The colonial power — or just the colonized mind — then disingenuously but actively seeks to right these wrongs and protect the embattled minority.  The results?  A Lebanon torn apart by Maronite phobias and Palestinian victim-entitlement; the greatest threat to Spanish democracy since Franco; a Greece completely isolated from its nearest and closest — in every sense — neighbors; an India where British response to the Rebellion effectively disenfranchised Indian Muslims (4 ****) — Dalrymple shrewdly locates one of the beginnings of modern Islamic fundamentalism in that disenfranchisement and the Deobandi Islam it created 5 *****; the Ku Klux Clan and the murder of Emmett Till and Donald Trump; the vicious Algerian War of Independence, which resulted in French Algerians having to flee the country entirely to a France where they’re still a bulwark of reaction and racism, and the still bad blood between Algerian immigrants and natives in that country.

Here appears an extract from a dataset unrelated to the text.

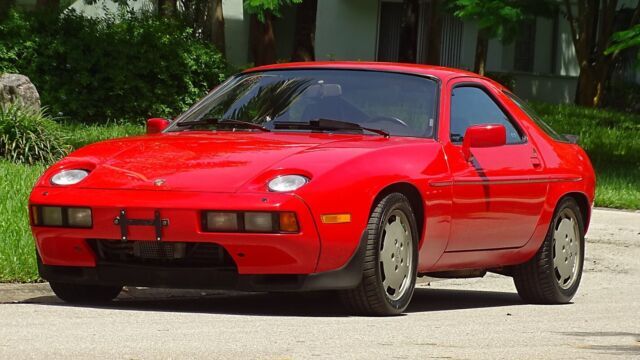 1986 PORSCHE 928S SPORTS CAR HATCHBACK CLASSIC FRONT ENGINE PORSCHE 1986 Porsche 928 S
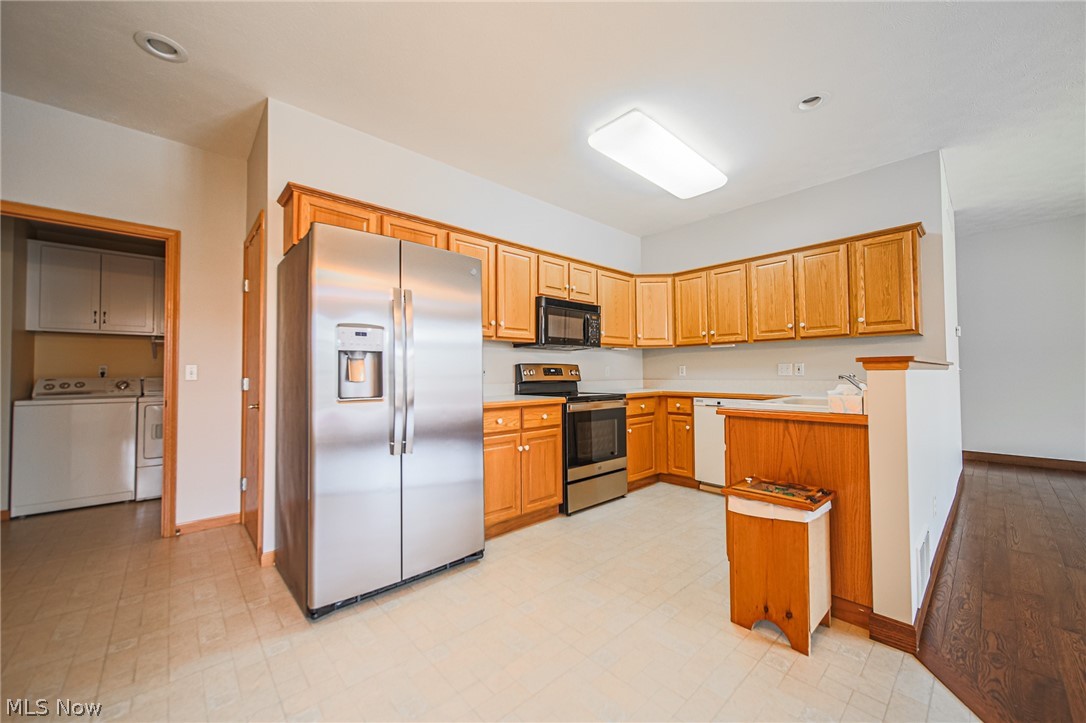 201 Greenbriar Lane Dalton OH 44618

(I thought about adding Cyprus to that list, that’s going on forty-some years of division after the 1974 Turkish invasion, but didn’t, because Turkish Cypriots actually were an embattled minority, and Greek Cypriots have to do some moral self-searching about their terrorizing, or passively supporting the terrorizing, of their Turkish neighbors, before they blame either Turkey or the Greek junta for f*cking things up for them.)

I was against the Scottish independence referendum of a few years ago because I’m against separation and the putting up of borders generally.  But then the apparently stoned British electorate went and separated itself from the rest of Europe, and if Scotland and Northern Ireland and Wales even, or Cornwall or the Isle of Manx or Jersey and Guernsey for that matter, want independence from England now, England will have only brought that down on its own head.  If Northern Ireland votes to stay in the European Union then de facto reunion with the Republic will have occurred; I would just like de jure recognition of that facto too, so that there’s no more excuse for meddling in Irish affairs.  Irishmen have done a lot of genuinely hard work confronting the demons of their own past in recent years; today’s Ireland is a democratic, pluralist, morally progressive society where the Catholic Church’s death-grip has been broken.  That Ulster Protestants can’t live there in peace and security and without English protection is a ludicrous idea.

So let it happen, and if Ulstermen don’t like it — sorry to sound like a reactionary nativist — but they’re free to go back to Scotland where they came from.  Or if they want they can come here and join their distant cousins in Kentucky and the Ozarks.  I’m sure President Trump will consider them the “right” kind of immigrants.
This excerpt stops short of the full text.